What you should do:
Look below for the line that has "At this point, message"; output exactly from it through the line that has "So what this", and leave the pictures out.

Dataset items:
BEGIN

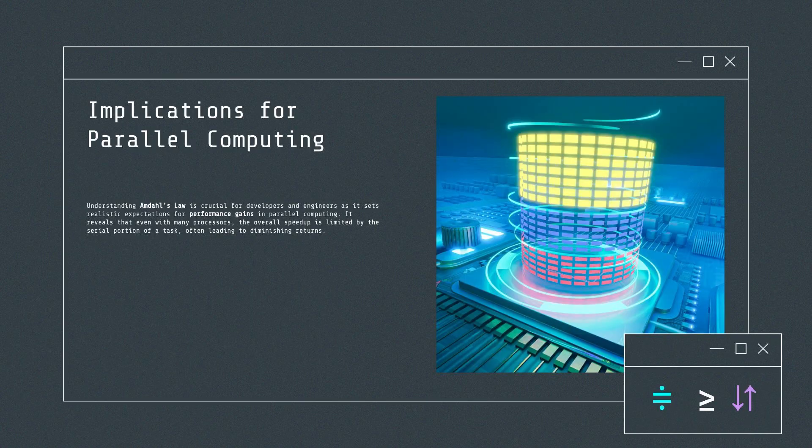Understanding Amdahl's Law is crucial for developers and engineers as it sets realistic expectations for performance gains in parallel computing. It reveals that even with many processors, the overall speedup is limited by the serial portion of a task, often leading to diminishing returns.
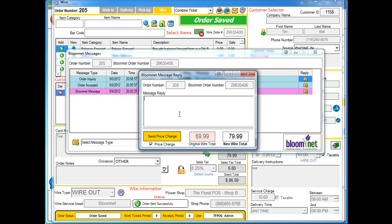At this point, message reply, we're going to say, price change approved. At this point we can click on Send Price Change.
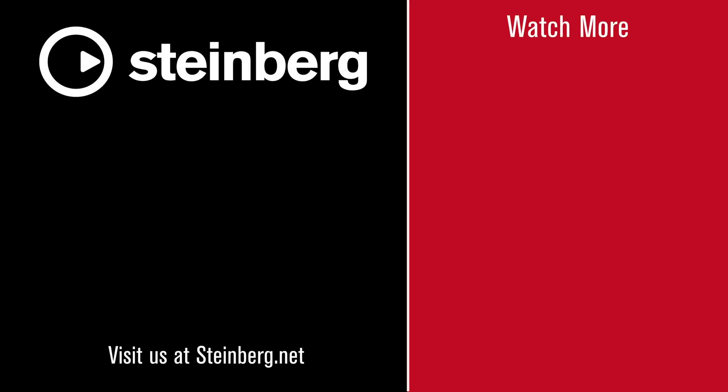We hope you enjoyed this video and thanks for watching. SpectraLayers Pro 7 delivers audio empowerment. If you found this video helpful, please hit the like button and subscribe to the Steinberg channel.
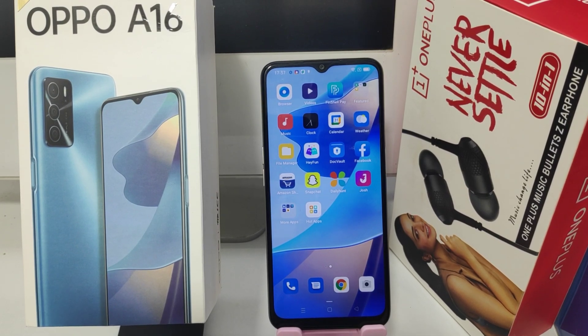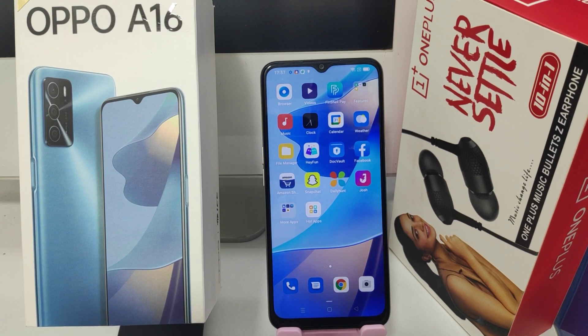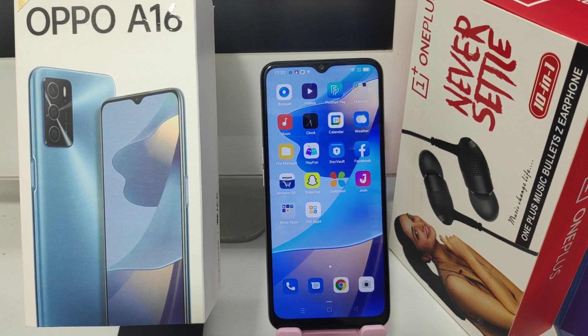Hey guys, welcome back to the mechanic channel. Before going to the video, please subscribe to our channel so you can get updated phone knowledge. In this video, we will learn about how to change the icon style in the Oppo A16 phone.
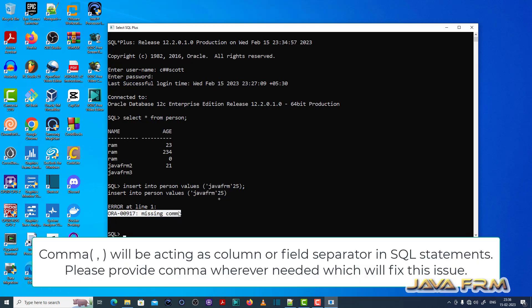So what this means is, in the insert statement I am missing the comma which is the field separator. Okay, so column separator.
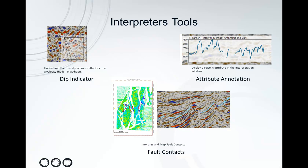So the first one I'm going to show is the dip indicator which lets you see the true dip of your reflectors in your interpretation window. Second, again in the interpretation window, we can use the attribute annotation to display your attributes from your horizon in the intersection view. And finally, I'm going to show you the new fault contacts process which allows you to interpret and map your fault contacts in Petrel. Alright, let's take a look at how these work together.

END

Written response:
At this point, message reply, we're going to say, price change approved. At this point we can click on Send Price Change.
We hope you enjoyed this video and thanks for watching. SpectraLayers Pro 7 delivers audio empowerment. If you found this video helpful, please hit the like button and subscribe to the Steinberg channel.
Hey guys, welcome back to the mechanic channel. Before going to the video, please subscribe to our channel so you can get updated phone knowledge. In this video, we will learn about how to change the icon style in the Oppo A16 phone.
So what this means is, in the insert statement I am missing the comma which is the field separator. Okay, so column separator.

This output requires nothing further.